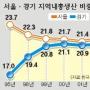 경제력 수도권집중 심화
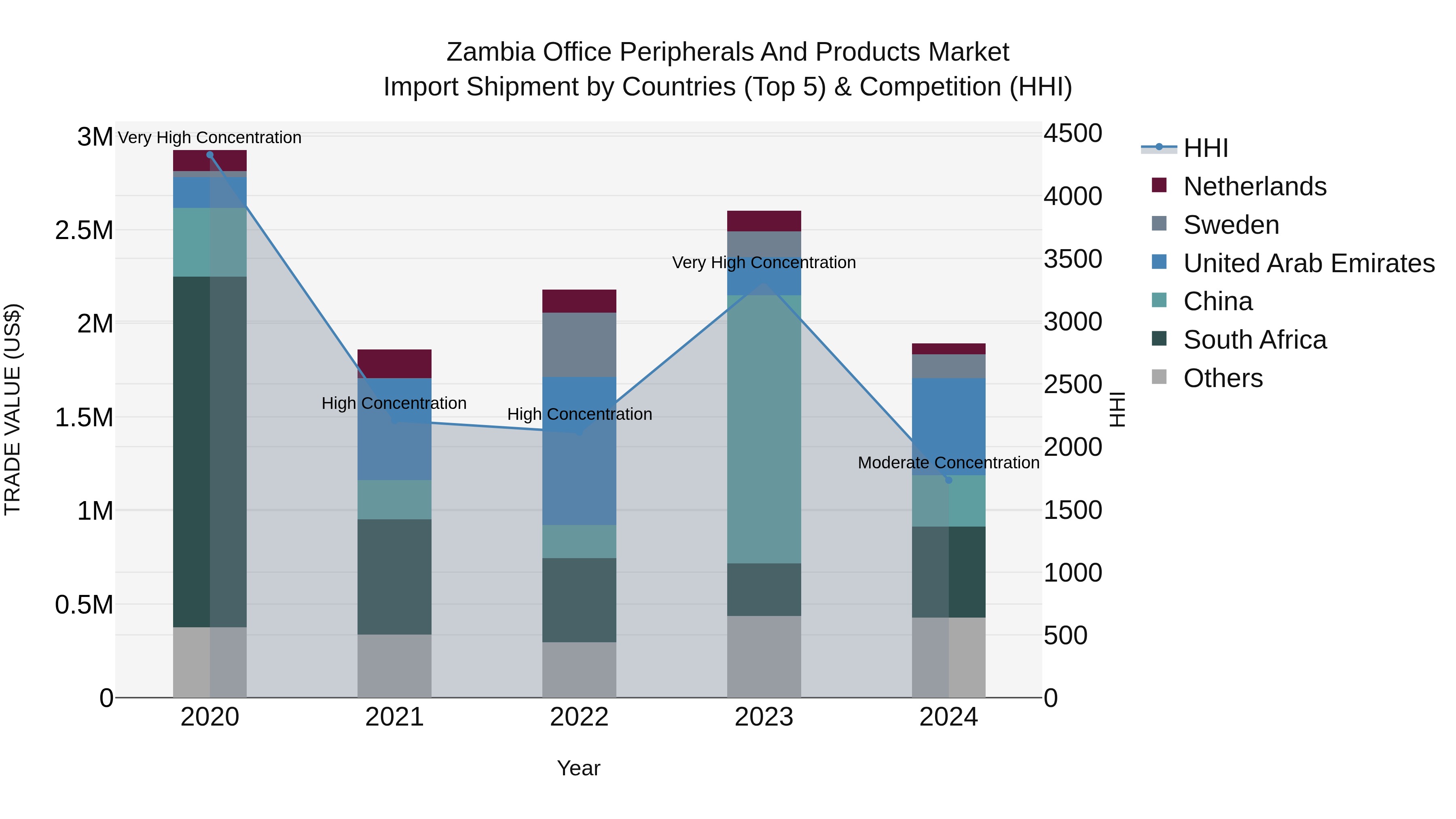 Zambia Office Peripherals and Products Market: Top 5 Importing Countries and Market Competition (HHI) Analysis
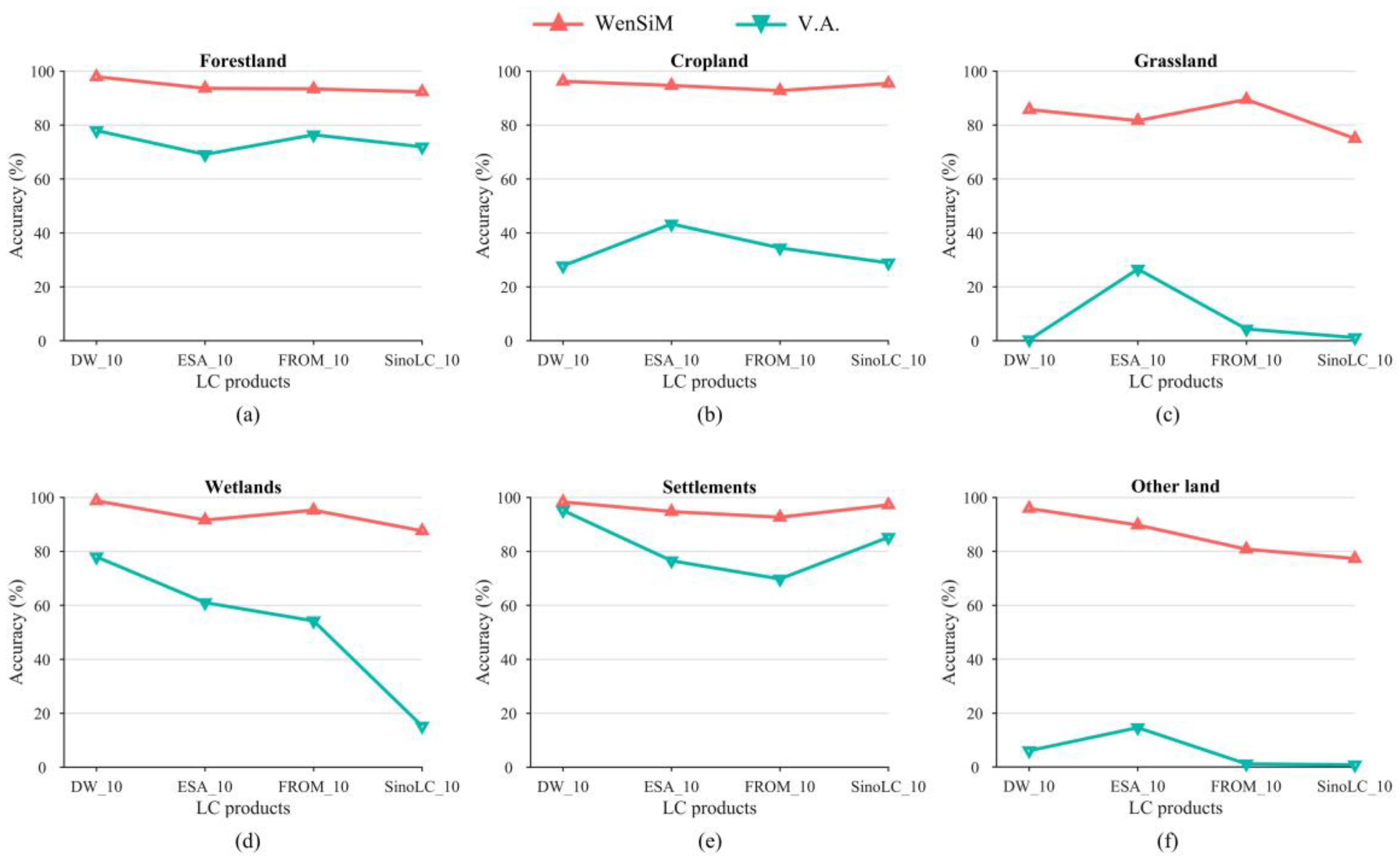 Remotesensing 16 00257 g005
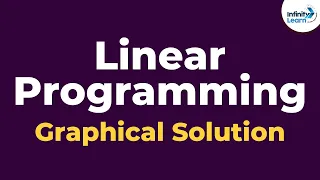 Linear Programming - Graphical Solution | Don't Memorise
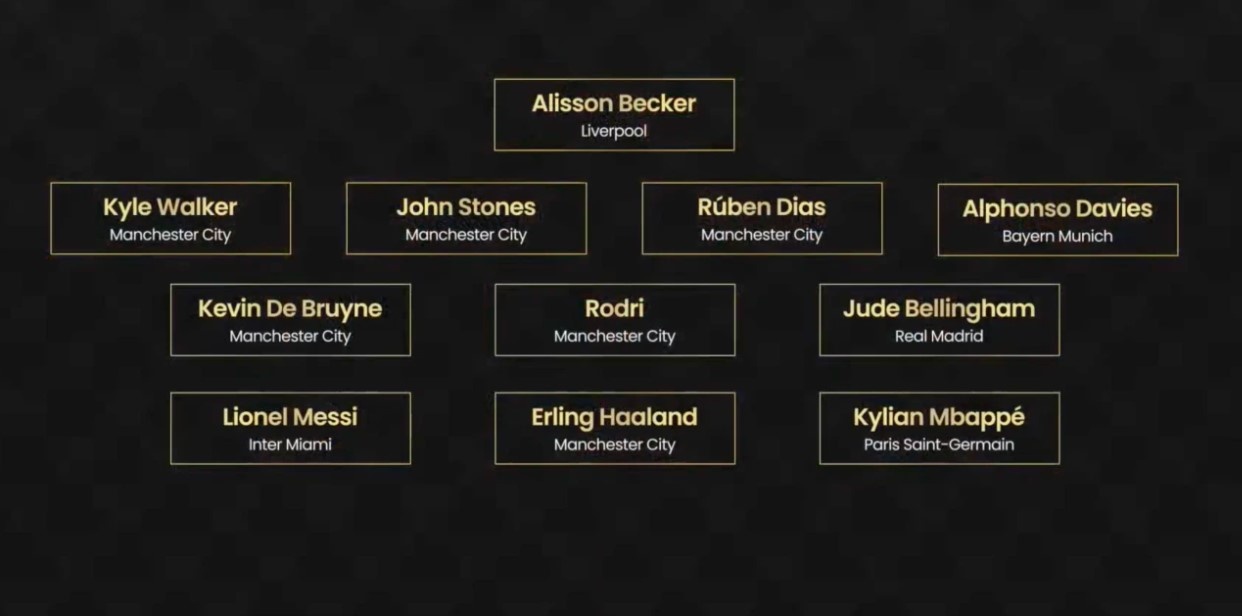 doi hinh hay nhat anh 1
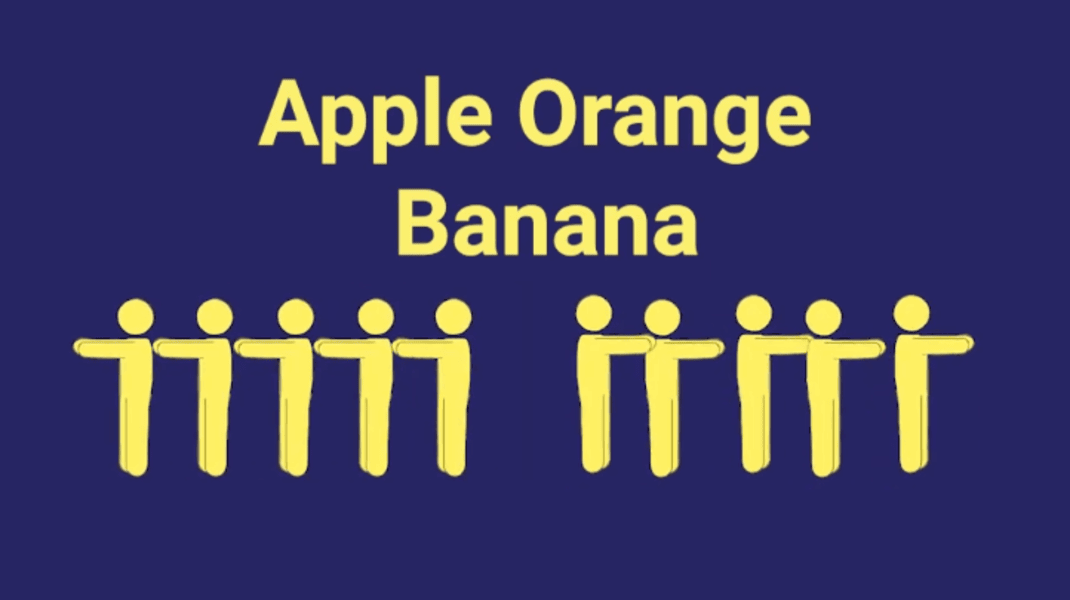Apple, orange, banana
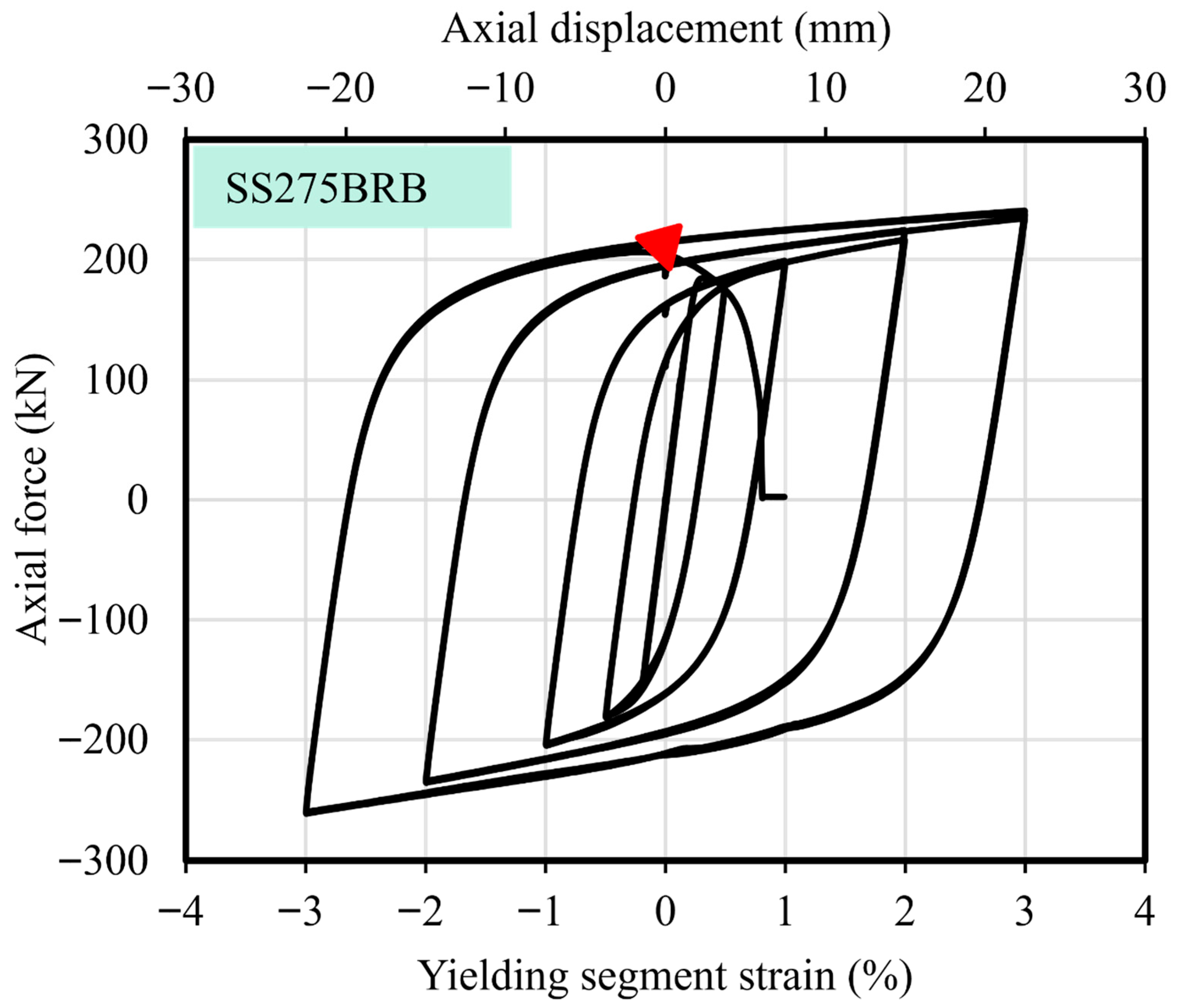 Buildings 15 03997 g017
•••
* Instructions to follow
Set down the entries above exactly, and keep every picture out of your copy.

* Answer
 경제력 수도권집중 심화
 Zambia Office Peripherals and Products Market: Top 5 Importing Countries and Market Competition (HHI) Analysis
 Remotesensing 16 00257 g005
 Linear Programming - Graphical Solution | Don't Memorise
 doi hinh hay nhat anh 1
Apple, orange, banana
 Buildings 15 03997 g017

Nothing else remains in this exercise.